How do a share a large object within an activity in Android?

I have a Network Client class that is receiving a large binary block and parsing it into a usable Java object. The Network Client is on a separate thread from the app's View. What is the best way to make this object available to the View? I've come up with the following solutions, but I feel like none of them are the correct one:
Create the object in the Network Client and let the View access it directly
I would send a small message in a Handler telling the View that the data has been updated
Con: requires that I synchronize the object between the threads to ensure that the Network Client doesn't replace the object while the View is accessing it
Serialize (Parcel?) the object in the Network Client and send it through a Handler to the View
Pro: there are no questions of ownership of the data
Con: would probably be a huge performance drain on the app
Create a reference to the object and pass that to the View
I come from a C++ background, and I'm not sure if this is even possible in Java. I C++, I could just send the View a pointer to the object and let it take care of it. That seems like something Java wouldn't let me do. Is this feasible?
Are any of these solutions advisable, or should I approach the problem in a completely different way?
If you don't want to keep downloading when the activity is in the background, then use non-blocking IO, not threads.
If you do want to keep downloading when the activity is in the background, you probably want to use a service. You can make the object Parcelable or so; I think the underlying service implementation passes pointers around if your activity and service are within the same process (I think they are by default, but ICBW).

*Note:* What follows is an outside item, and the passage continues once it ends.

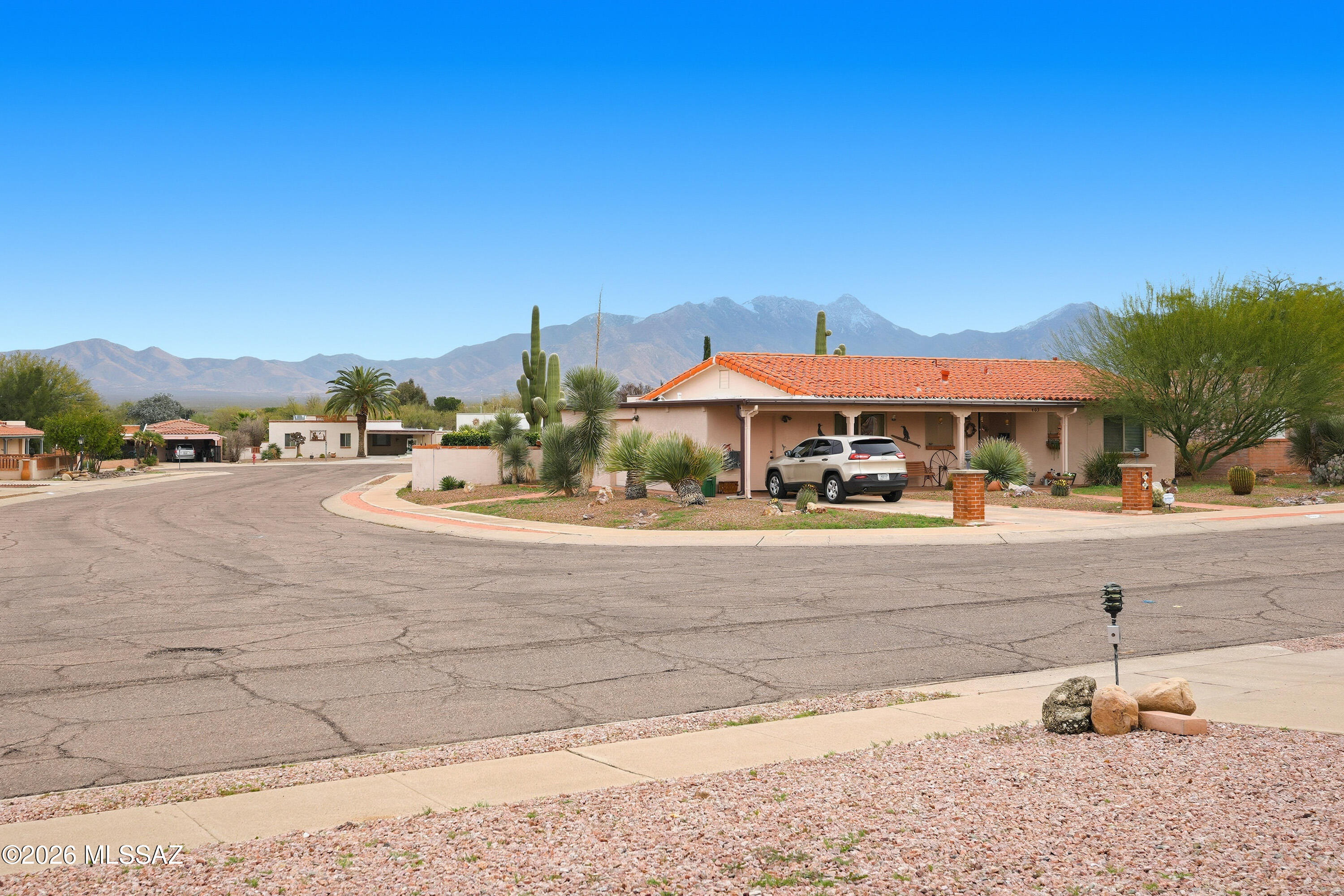 Come see this open, versatile home!
Enjoy mountain views sitting by an arched brick fireplace.  The low maintenance front provides enjoyment w/o requiring extensive care.  The back has brick patio with stone and plant accents; perfect for an evening sitting area.  The remaining backyard lot is open to your creativity.  this newly tiled two bed, two bath home, with two more flexible rooms that can convert into AZ rooms, home gym, or office spaces, offers a layout that flows.  The kitchen hosts plenty of cabinets and room to move, while providing a backyard view.  There is water softener in the home; with a walk-in shower in the primary bath a shower-tub combo in the other. Property SOLD AS IS.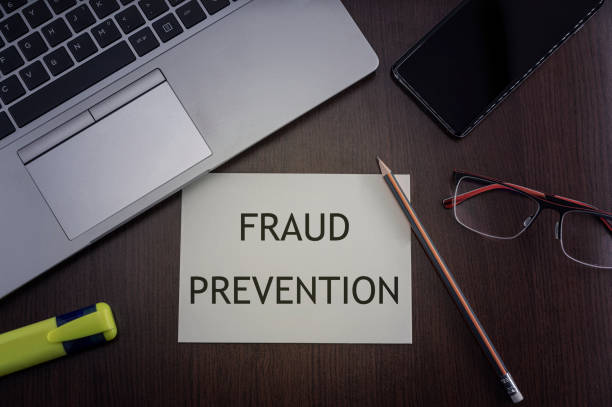 Fraud prevention card. Top view of office table desktop background with laptop, phone, glasses and pencil with card with inscription fraud prevention.  Security concept. stock photo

If the object is really big and you don't feel comfortable returning it with a get method, maybe you could put its contents into an SQLite database and optionally expose it as a ContentProvider. You could also send an Intent and either cause the View to then go and grab the payload or attach it to the Intent.
Look at the application class subclassing this class and referencing this within your manifest will enable you to store the reference to the service/download controller at a central position that will be available in every activity of your app. This enables you to keep the data in memory and reduce the need of recreating the big object if you need it in more places then just one activity.
For the download you can use a local service that communicates with your activity through a binder object. Keep in mind that a service is not a thread. If you want have the download running in the background you need to create a thread in the oncreate method of your service.
Also keep in mind that it is good practice to have an annotation show the user that a service is doing something and let him access the service and cancel it or view it status.